Many years ago, I read a hair magazine in which a beauty and hair expert explained in an interview that as Africans and women of African descent, or simply–women with kinky hair, we could not expect our hair to grow longer than that of our mother’s. She said, and I quote: “look at your mom’s hair, that’s how long your hair will be.” Eye roll. I refuse to accept this. To me, this reasoning is flawed on so many levels. I’m sure you will arrive at the same conclusion simply through reasoning and common sense. But I can back up my words with documented evidence. Referring to hair growth, Kristin Russel the author of Yoga for Hair Growth notes: “Gene or DNA is not our destiny. Our everyday skillful choices can reverse even the behavior of our genes” (19). Genetics determines the look of our hair, but not its ability to grow. Because African hair follicles are in a flat oval shape, it grows out of our scalp in a coily-kinky manner. Whereas straight hair comes from hair follicles that are round. The more compressed the hair follicle is the curlier or coilier it is. I created a very crude diagram of my explanation. Please see the image below. The follicle of kinky coily hair is almost flat as can be seen in the diagram. Nevertheless, it is not genetics but rather behavior that prevents us from experiencing a flourishing hair growing outcome. On average, kinky African hair, which grows slower than any other hair type, grows about 4 inches long each year (Castro). The issue is not that your hair is not growing or can’t grow it longer than it is. Of course genetics plays a role in your hair’s look and length as explained above. Still, the issue is maintaining a scalp free of build up and maintaining the length you currently have while new growth comes in. It also means constant nourishment and moisture. Now, it is true that everyone is different. But one thing is true about everyone’s hair–the hair goes through three stages of growth: anagen, catagen, and telogen. The anagen stage is the hair-growing stage, the catagen stage is the hair-transitioning stage, and the telogen is the hair-resting stage (Help for Hair Loss).
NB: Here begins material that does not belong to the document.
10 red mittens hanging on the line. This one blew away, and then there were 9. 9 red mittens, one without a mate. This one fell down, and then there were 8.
Every strand of hair in your head is in one of these stages right now. Each stage occurs simultaneously in different parts of your head at any given time. In other words, some hairs on your head are in the anagen stage while others are either in the catagen or telogen stage. Nevertheless, these stages occur disproportionately to each other. Check out my blog entitled Girl, your hair is always growing–for more information on the subject
Castro, Joseph. How Fast Does Hair Grow? | Hair Growth Rate. Live Science, http://www.livescience.com/42868-how-fast-does-hair-grow.html. Accessed 28 Aug. 2016.
Goins, Liesa. “Expert Q&A: African-American hair care.” WebMD. WebMD, 2005. Web. 31 Aug. 2016. <http://www.m.webmd.com/healthy-beauty/features/expert-q-and-a-african-american-hair-care>.
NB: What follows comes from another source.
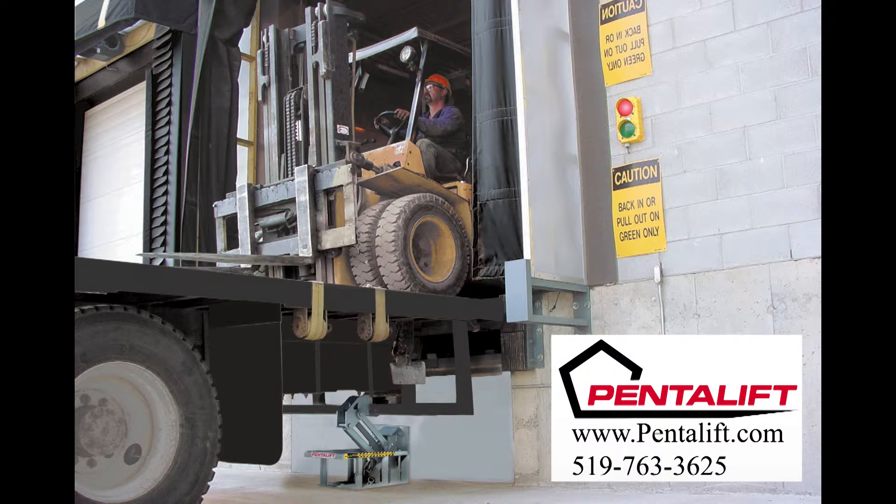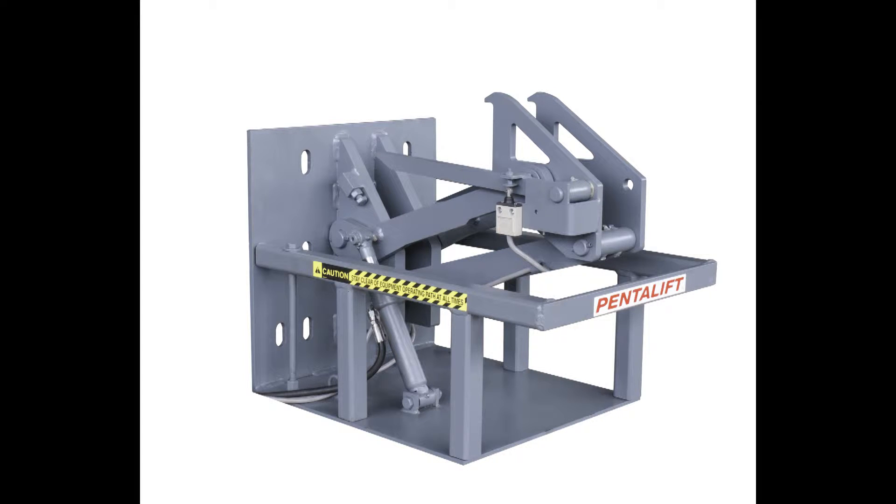Penlifft offers a wide range of vehicle restraint models to suit many different applications. Regardless of the design selected, a Penlifft vehicle restraint system will improve the safety at the loading dock area. Penlifft first introduced its HFR32 model hydraulic operated vehicle restraint approximately 15 years ago, and it has been a time-proven addition to increase safety at the loading dock area in many different applications.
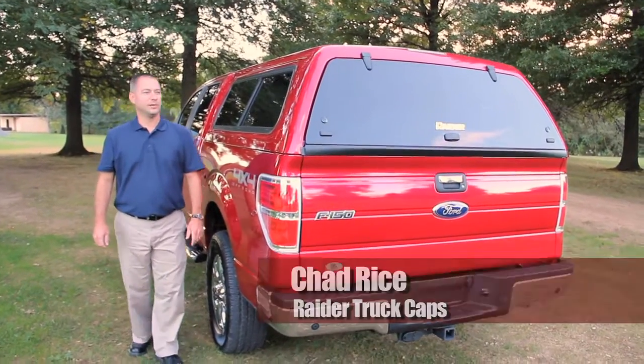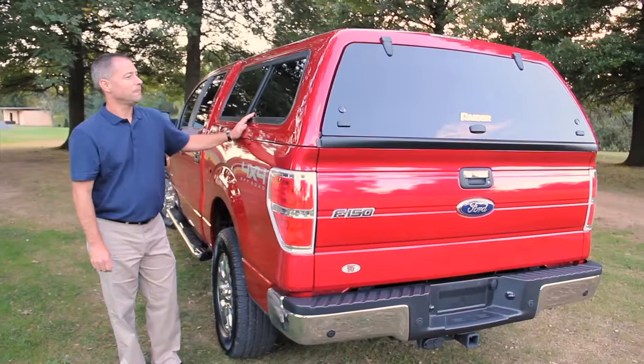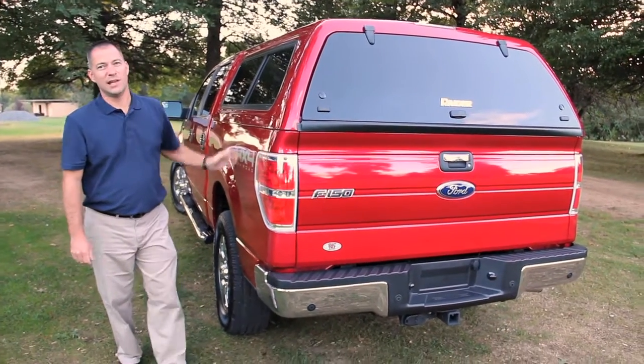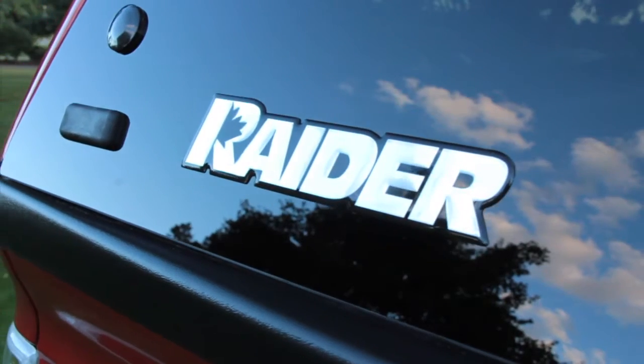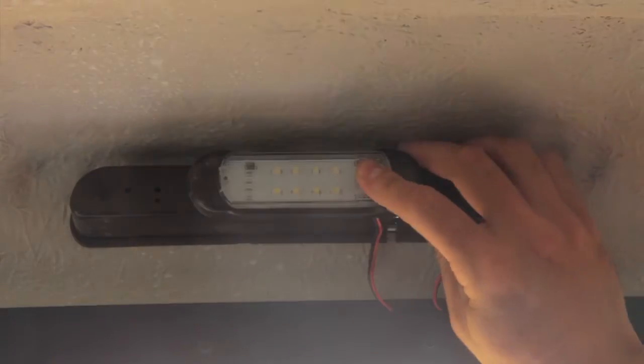I'm Chad Rice with Raider Truck Caps. This is our Vagabond Elite model. This model features side sliding windows with screens, trimless edge, an all-glass frameless rear door, automotive style brake light, and an interior dome light.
Hair Typing System. andrewalkerhair.com, http://www.andrewalkerhair.com/v/vspfiles/templates/140/Hair-Typing-System.asp. Accessed 28 Aug. 2016.
“Help for Hair Loss.” WebMD, WebMD, 2010, http://www.m.webmd.com/skin-problems-and-treatments/science-hair. Accessed 3 Sept. 2016.
Kenneth. “The Only Hair Typing System Article You’ll Ever Need.” Going Natural, Curl Centric® | Rewrite the Rules of Natural Hair Care, 27 Aug. 2016, http://www.curlcentric.com/hair-typing-system/. Accessed 16 Sept. 2016
Russel, Kristin. Yoga For Hair Growth.